In other words, there was a secret, secure means of communication.

Stone sent a revealing text to a key Trump supporter (probably Erik Prince):
On or about October 3, 2016, STONE wrote to a supporter involved with the Trump Campaign, “Spoke to my friend in London last night. The payload is still coming.”
The next day (October 4, 2016), Stone and this supporter had another text exchange:
...the supporter involved with the Trump Campaign asked STONE via text message if he had “hear[d] anymore from London.” STONE replied, “Yes - want to talk on a secure line - got Whatsapp?”
What does this exchange prove? It proves that the "dirty tricks" arm of the Trump campaign had devised a means of secret communication. Stone -- and, I feel certain, others -- used this channel to speak directly to Assange -- and, I feel certain, others.

If he spoke to Assange, then he could speak to Bog-knows-who-else. 

If Stone were to divulge the existence of this communication system, the revelation could harm even the seemingly-invulnerable Trump. Such a revelation would be akin to Alexander Butterfield divulging the existence of the Watergate tapes.
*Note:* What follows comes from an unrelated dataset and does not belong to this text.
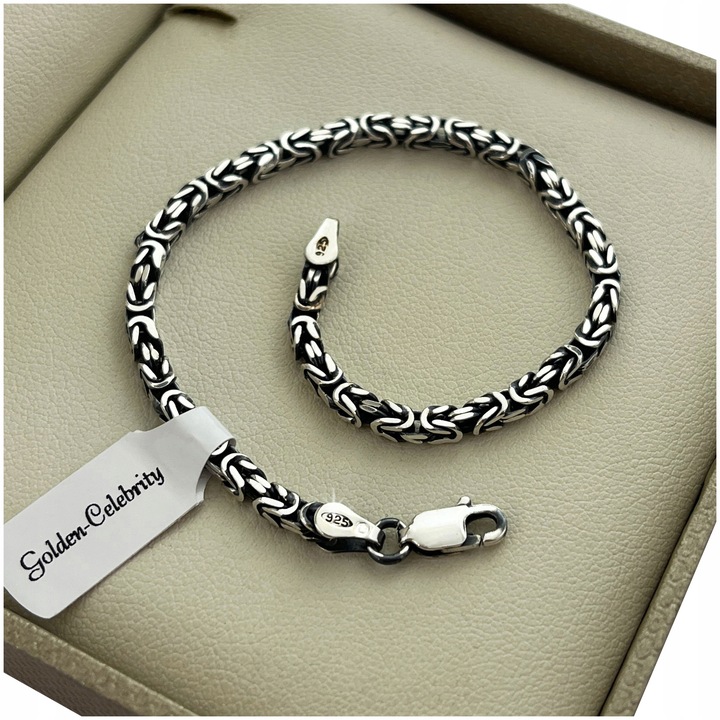 BRANSOLETKA SREBRNA SPLOT KRÓLEWSKI SREBRO PR. 925 GRAWER DLA CHŁOPCA 19 CM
Here's another other deep, dark secret: Election rigging. I am quite sure that the Republicans have been doing it for decades, "nudging" the results a few points in various close elections. For obvious reasons, they have used this tool subtly and only when absolutely necessary.
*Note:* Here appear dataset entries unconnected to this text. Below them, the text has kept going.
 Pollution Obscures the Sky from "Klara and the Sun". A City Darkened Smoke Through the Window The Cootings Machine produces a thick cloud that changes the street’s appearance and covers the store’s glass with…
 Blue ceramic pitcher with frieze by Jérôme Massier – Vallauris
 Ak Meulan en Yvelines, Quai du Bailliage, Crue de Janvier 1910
Stone surely knows all about it. He must know. The ultimate dirty trickster cannot be ignorant of the ultimate dirty trick. Although it is now trendy to dismiss Stone as a blowhard, I was never one for trends and I refuse to underestimate the man's expertise in scumbaggery.

If Stone goes down, Trump goes down. And if Trump goes down, that whole filthy history of election rigging will come out. If Trump goes down, he'll bring the whole damned GOP with him.
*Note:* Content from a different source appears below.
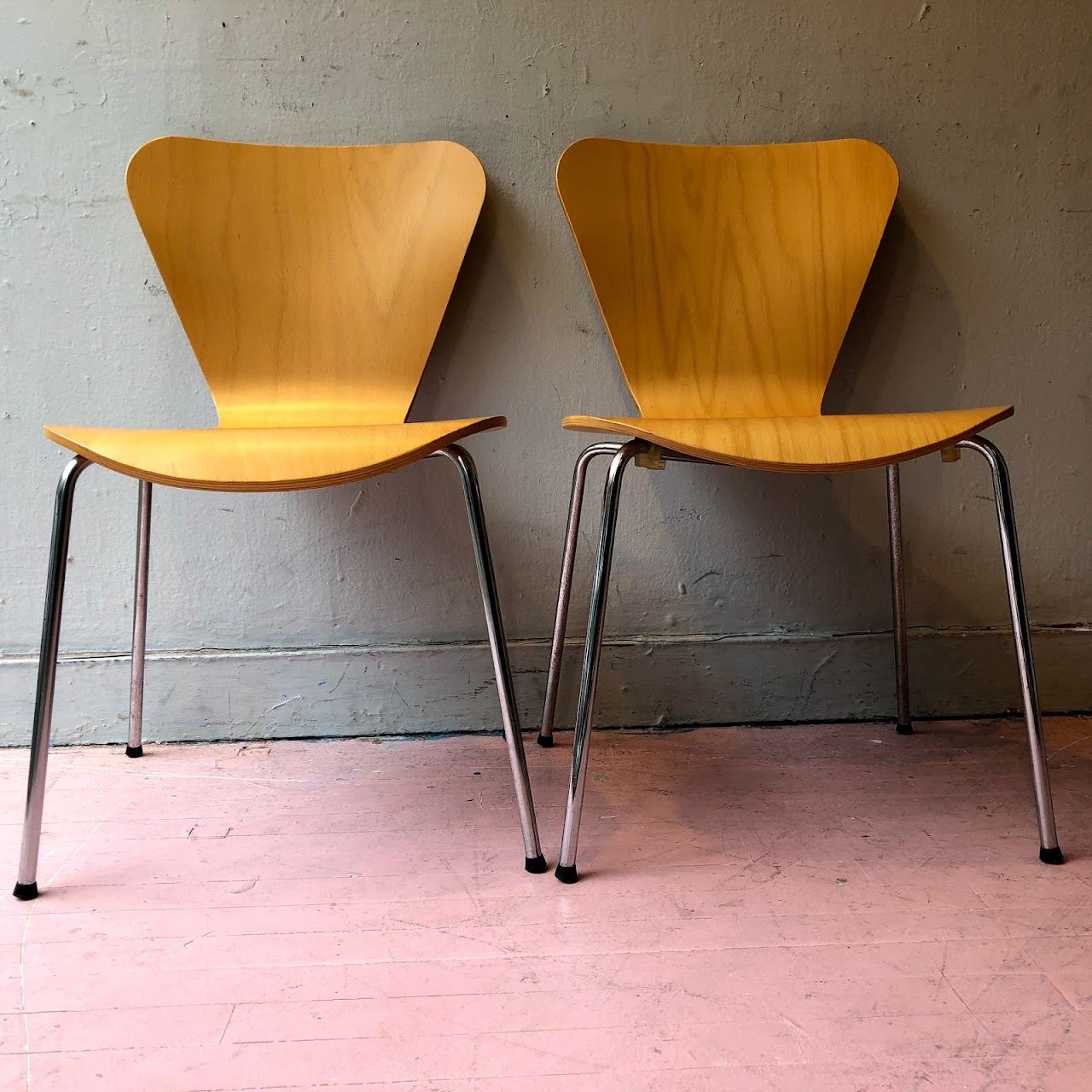 Fritz Hansen-Style Chair Pair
No other theory explains how Trump has gained complete control over the party. This theory explains why so many people who once hated Trump -- Ted Cruz, Lindsay Graham, Paul Ryan, Susan Collins, and even Mitch McConnell (who once returned a donation from Trump) -- have abased themselves so thoroughly.

I doubt that Stone will ever see the inside of a prison. If he does go in, his stay will be brief -- just long enough for the right-wing propagandists to concoct a "martyr" narrative. In the end, he'll be a free man with millions in the bank.

The money will probably be laundered through a book deal. The usual mechanism.

Meanwhile, Reality Winner is still in prison. Her crime? Leaking the truth about Russian interference in our elections. Specifically, she leaked
...an intelligence report about Russian interference in the 2016 United States elections to the news website The Intercept. The report suggested that Russian hackers had tried to access voter registration rolls in the U.S.
Election rigging is the secret. Computerized vote fraud is the original sin that has forced so many Republicans to swear fealty to a man they detest.

3 comments:

Gus said...

I think you are correct about the big secret that the Repbulicans are so willing to bow before Trump over. I've suspected election rigging for decades, so your investigation seems to confirm something I've always suspected. I think you are spot on regarding Stone as well.

As to Bloomberg, I think he would be worse than Trump in some ways. I really don't expect he would make much different of a choice for the supreme court than the Republicans would. He's a Republican in Dem clothing after all. Still, I would vote for anyone who gets the Dem nomination at this point, even Bernie (though I understand why you wouldn't be able to do that).

margie said...

Bloomberg and baggage: after Trump baggage has lost it's effect. What matters is how shameless one is. A normal Democrat will try to apologize or worse withdraw in the face of a controversy. A Republican will dig in and defend the indefensible. Bloomberg will follow the republican play book.
The big secret: I totally agree about election rigging being the ultimate must keep secret.
BTW, I just started reading Wilson's new book.

Ivory Bill Woodpecker said...

Is Stone shrewd enough to have arranged for any damaging information which he knows to come out if he "has an accident" or "commits suicide"?

If not, then his stay in prison might be brief indeed--like Jeffrey Epstein's.